You make most of your puppets yourself – how important is it for you to be hands-on?
You don’t necessarily have to, as a puppet designer. You could design them and get somebody else to make them, but I prefer to get my hands in there because I find so many things out in the process rather than drawing it out on a piece of paper.
Take us through the design and making process for one of your puppets
I made the bear puppet from The Girl with the Iron Claws [see images] in one evening. I do sketches for other things but that one I didn’t because it was in the moment. I had lots of images of polar bears. It was just intuition – which comes into the other designs as well, but a lot of the time I have to draw them out because it’s for another director for another show. For The Wrong Crowd [the company Rachael runs with director Hannah Mulder], I’m working for myself so I don’t have to draw it up, I can start to let things form in front of me, which I love – there’s some puppets that are like that.
The bear was part-costume, part-puppet. I took a long time over the head to create a majestic and mournful sort of face. The structure of the eye and the downturn of the mouth can just give you a little taste; you can read into that face a lot more. I take a long time over the eyes. I prefer just having a hollow to imply a focus. Sometimes if you’ve got too much of a pupil in there the focus is quite small so the range that you’ve got looking around to your fellow actors, puppets, whatever, it’s too small an area.
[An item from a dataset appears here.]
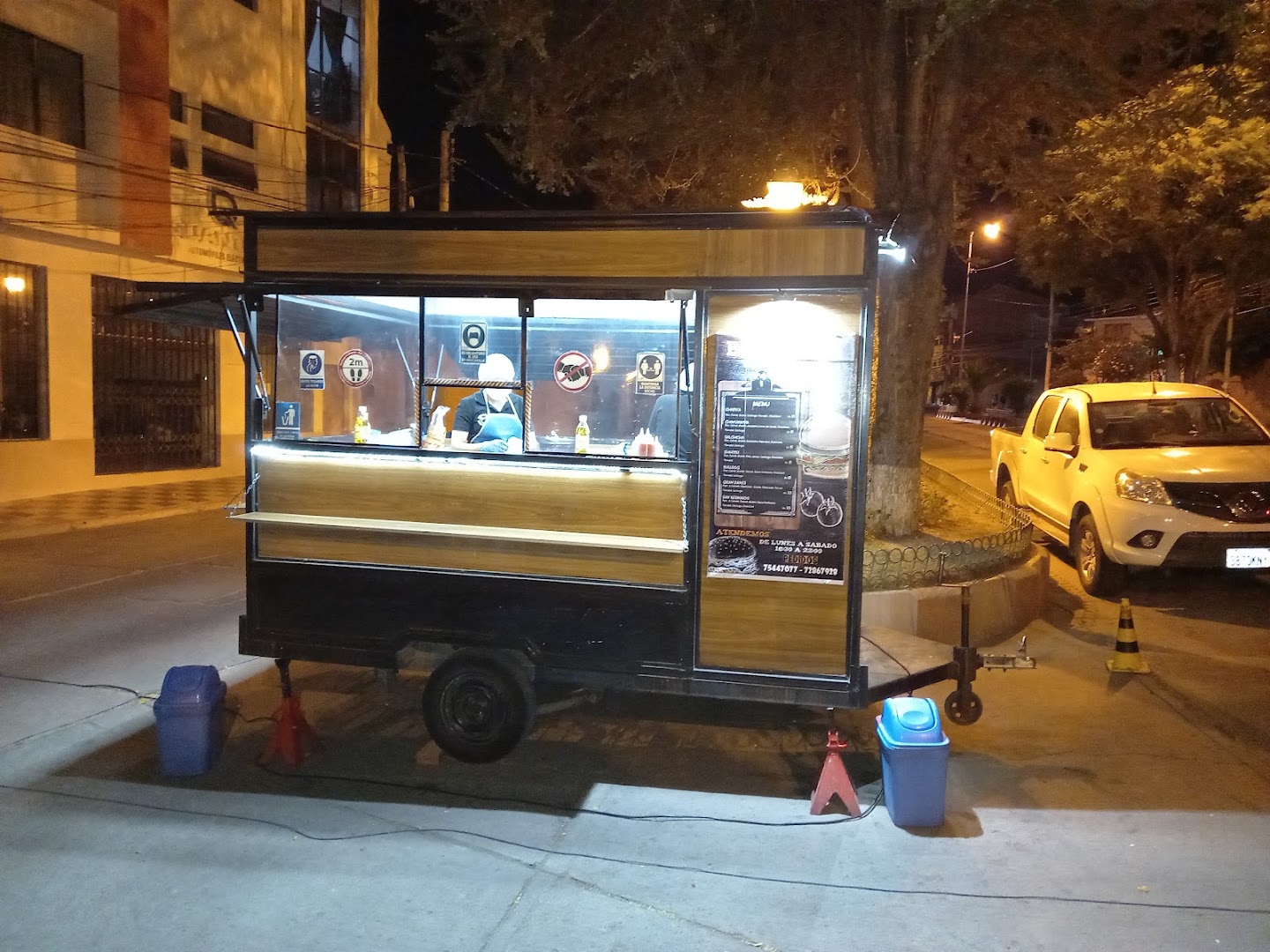 Bulldog Burgerbar: clear photo of food truck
I made a bubblewrap form underneath – sometimes you can use clay, but I did this quickly in bubblewrap – and then you heat up this Variform stuff and lay it on and smooth it round. Then you take the bubblewrap out, its innards, and you’re left with this carcass of a head and you start to layer up fabric and painting in that over the top.
Tell us about your role in the rehearsal process
I don’t come to a rehearsal room with a finished product. It’s all about research and development and messing around with materials. You’re constantly moving things around and seeing how it’s working in the rehearsal room. You have to be flexible. That does happen in set and costume design but it’s particularly necessary when you’re working with puppeteers and things aren’t quite right for them.
It sounds like there’s almost a directorial element to what you do
When I started just designing and making puppets, I then got them into the rehearsal room and found that nobody knew really what to do with them, and nobody was taking on that role. I think sometimes the puppets are plonked in and the puppeteer is left to their own devices. You need someone with a specific eye watching and seeing how to improve things. As I grew a bit more confident I was able to go, “Actually, can I just get in there?”, rather than just being a puppet maker. I need to see it all the way through. I feel very uncomfortable just passing over a puppet. Because you’ve made it, it feels like part of you, you know exactly how it all works and you have an idea of how it’s going to work on stage.
How did you get started in puppetry design?
I studied theatre design at the Welsh College of Music and Drama. They had a puppetry element to the course: they do a puppetry show that you all have to get involved in, but you’re performing as well as designing and making. So that it ignited something quite interesting. I used puppetry within my work at college and then I forgot about it for a bit: I wanted to concentrate on set and costume stuff. And then it just kept on creeping back in. It just wouldn’t go away. I’d put something in, say a costume that could be manipulated, that had a head or something within the costume that would start to become a lot more sculptural and animated.
What did you do to develop your craft?
There wasn’t anybody telling me how to go about it, so I just started to look at the manipulation myself and I realised it was just about being observant of character and form and movement. Since I was a kid, I’ve always made little maquettes and moving things and little faces and characters. I’ve always been able to make stuff. I don’t think I’ve ever had anybody teaching me the ins and outs of how to make a puppet. I’ve bought books and bits and pieces like that, but I’ve kind of found it out myself in a way. I’m still learning all the time.